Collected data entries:
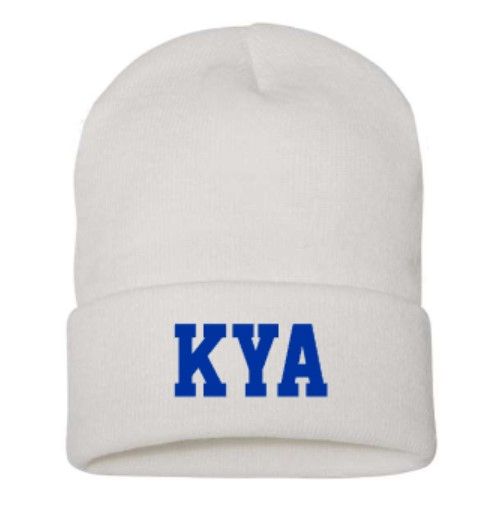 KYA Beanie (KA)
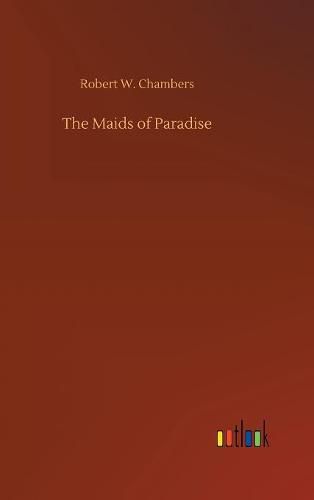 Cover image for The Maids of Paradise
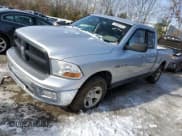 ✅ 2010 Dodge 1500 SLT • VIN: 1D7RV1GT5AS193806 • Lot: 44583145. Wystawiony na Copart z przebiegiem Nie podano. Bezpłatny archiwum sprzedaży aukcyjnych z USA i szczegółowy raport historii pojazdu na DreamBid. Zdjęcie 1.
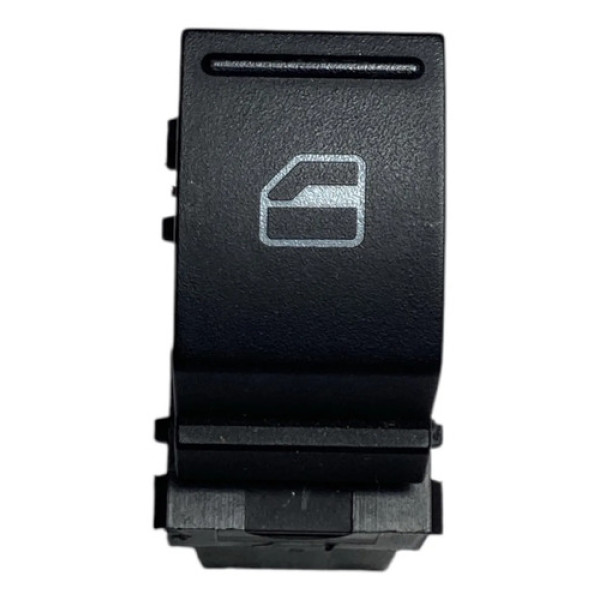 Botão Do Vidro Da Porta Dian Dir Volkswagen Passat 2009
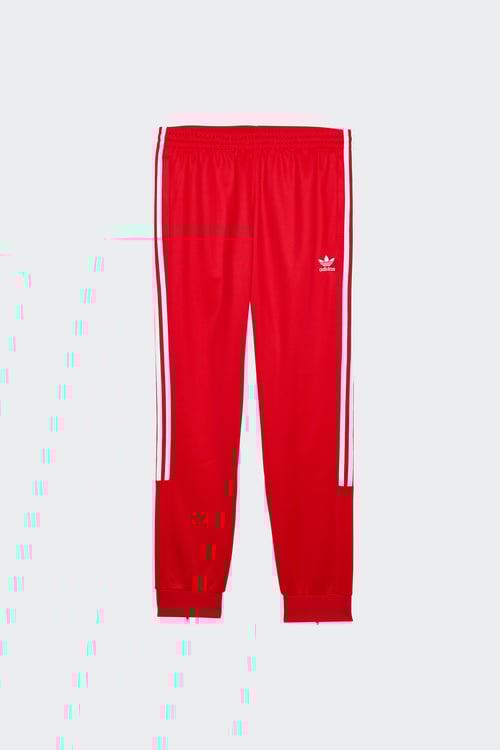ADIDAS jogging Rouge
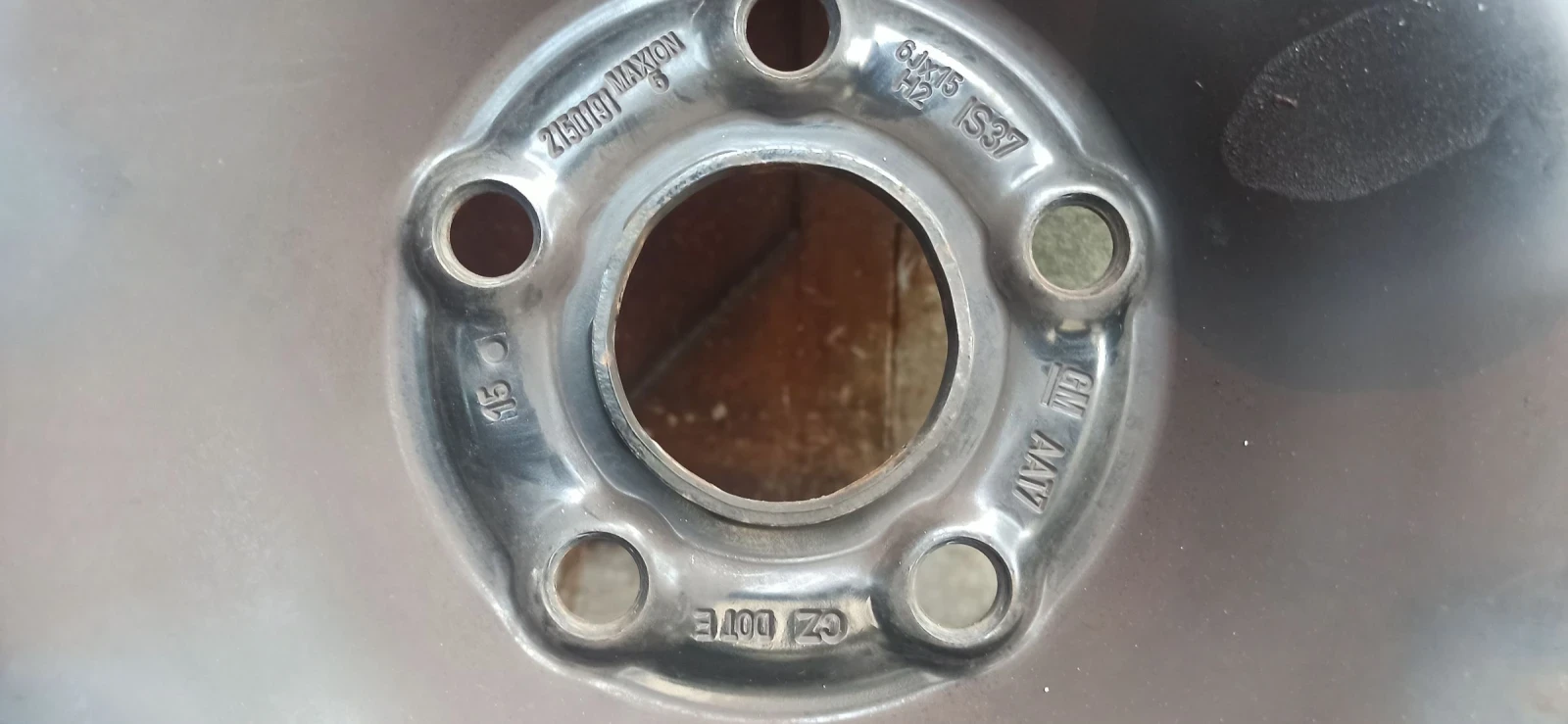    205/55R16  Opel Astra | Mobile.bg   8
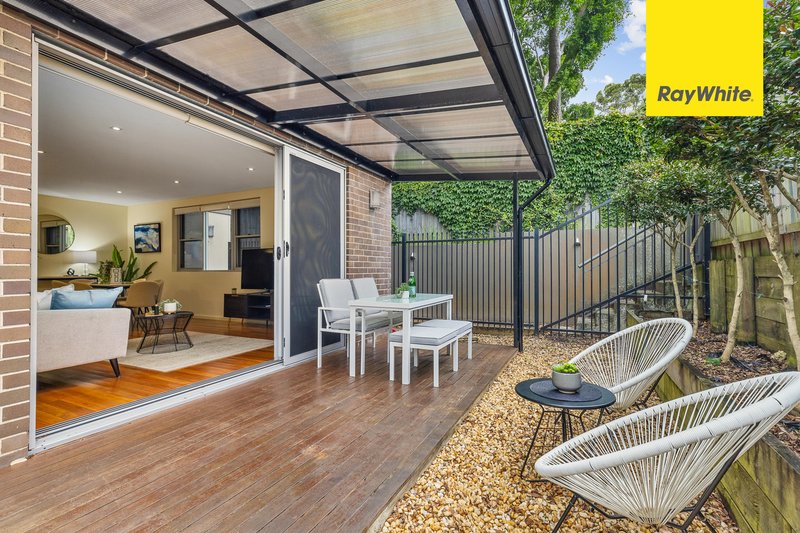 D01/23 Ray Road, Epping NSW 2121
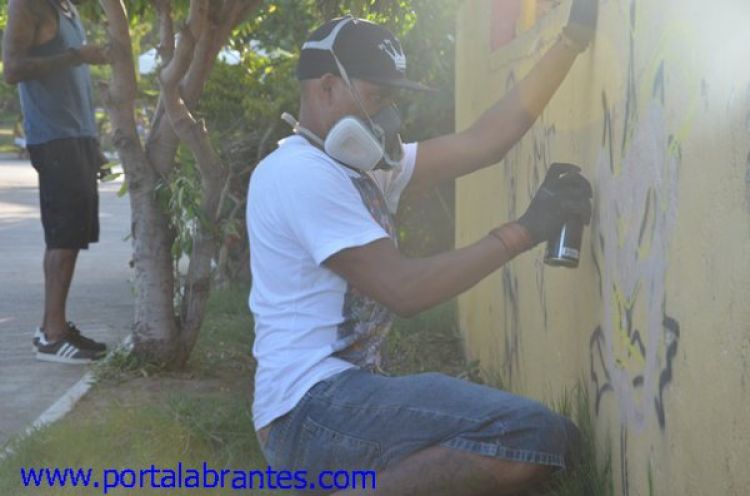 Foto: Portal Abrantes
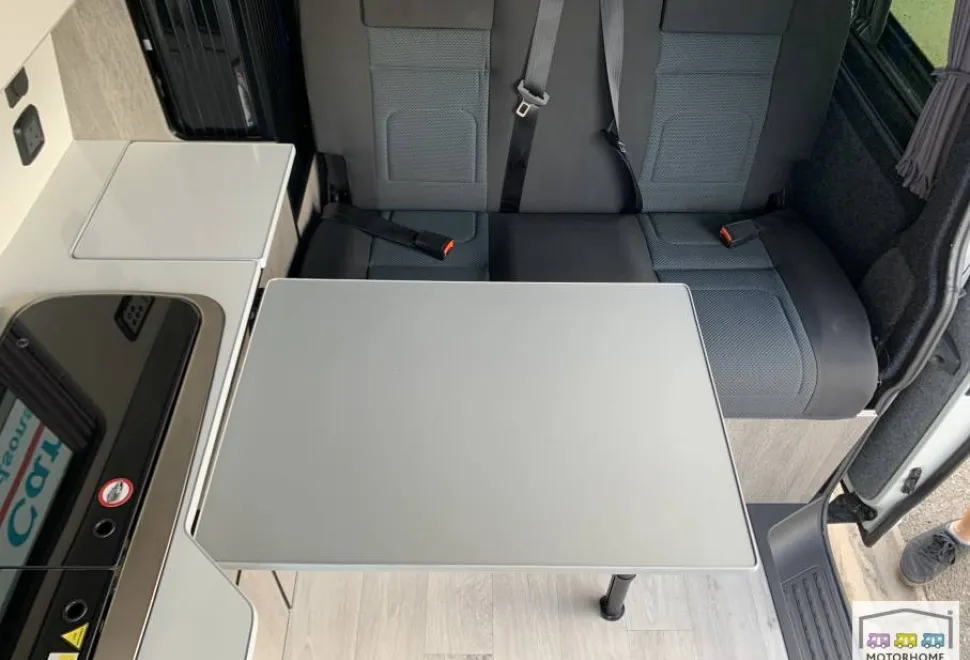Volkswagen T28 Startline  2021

§ Your task
Quote, please, only the lines running from the one with "D01/23 Ray Road, Epping NSW 2121" down to the final line of the data above, keeping both ends and skipping the pictures.

§ Written answer
 D01/23 Ray Road, Epping NSW 2121
 Foto: Portal Abrantes
Volkswagen T28 Startline  2021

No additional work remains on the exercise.